My right hand was slick with blood and my gun slipped out of my grip and landed on the floor. I grabbed the grendel with both hands, trying to keep it away from my face, its squirming body cold and slick in my hands. I held it out away from me as it twisted and wriggled to get at me. I gripped it tighter. It squealed. So did I.

It took both of my hands and all of my strength just to hold on to the thing. I wanted to kill it. I needed to kill it, but if I let go, just with one hand, even for an instant, the grendel would be at my throat, claws and the barbed spurs that curved from its bony heels slicing me to ribbons.

If I was lucky, I’d bleed to death before the whole pack started to eat me.

I didn’t dare turn to check on Ian, but gunfire and squealing grendels told me he was at least holding his own.

Which was better than I was doing.

I threw the grendel, slamming it into the wall. Not even dazed, it clung there, defying gravity and then physics as it scampered up the wall and across the ceiling like a freaking gecko, launching itself again at my face with chittering glee.

It exploded in a single bullet-induced spray of pink mere inches from my face.

Ian.

Ian had looked away from the grendels attacking him to help me. It was the opening the things had been waiting for.

They swarmed him.

Then I saw it. Recessed in the wall was one of those fire hose boxes—with an ax.

I scrabbled and stumbled toward it, clawing desperately to get the glass door open, my hands fumbling at the handle. I got it open and pulled at the ax.

It was latched to the back wall of the case.

I screamed in terror and frustration.

A grendel dropped from the ceiling onto my shoulders, and I fell forward into the coiled fire hose. The whole thing came loose, wrapping me in hose. The nozzle came free last, hitting me in the head. I grabbed at the nozzle and the grendel that was holding on to both it and me.

And somehow I turned on the water.

Instantly a blast as big as my arm shot from the end of that nozzle, the water pressure slamming the grendel that’d been holding on to it into the far wall. The hose whipped around me like I was wrestling the world’s biggest snake, knocking me to the floor, sending the spray to the ceiling, walls, and floor. I held on to the nozzle for dear life, and aimed it directly at the grendels swarming Ian.

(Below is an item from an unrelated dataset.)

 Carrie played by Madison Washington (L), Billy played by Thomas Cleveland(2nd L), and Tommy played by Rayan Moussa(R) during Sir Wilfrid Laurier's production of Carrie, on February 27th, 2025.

The water blasted the grendels and sent them rolling down the hall, end over end. Then as quick as they’d come, they vanished.

I loosened my grip on the nozzle, releasing the lever that I’d been holding down, and the hose slowly deflated. I was sprawled in the middle of the hall, soaked to the skin, teeth chattering, and gasping for what air I could find. I still clutched the nozzle in a double-fisted, white-knuckled grip. Ian climbed to his feet and staggered over to me, dripping blood from multiple wounds, and dropped into the puddle by my side.

“Nice shootin’, Annie Oakley.”

I tried to suck in enough air to make words. I finally just gave up and nodded.

Sandra Niles and her team came charging down the hall, guns held at the ready.

Ian stood. I staggered to my feet.

Sandra’s sharp, dark eyes were taking in everything at once. “Where are they?”

For all that, there were only two dead grendels on the wet floor. That meant there were at least nine others in the complex. Though if my doppelganger had Tarbert’s device, there was no telling how many eggs she’d brought in.

SPI headquarters had been turned into a monster nursery.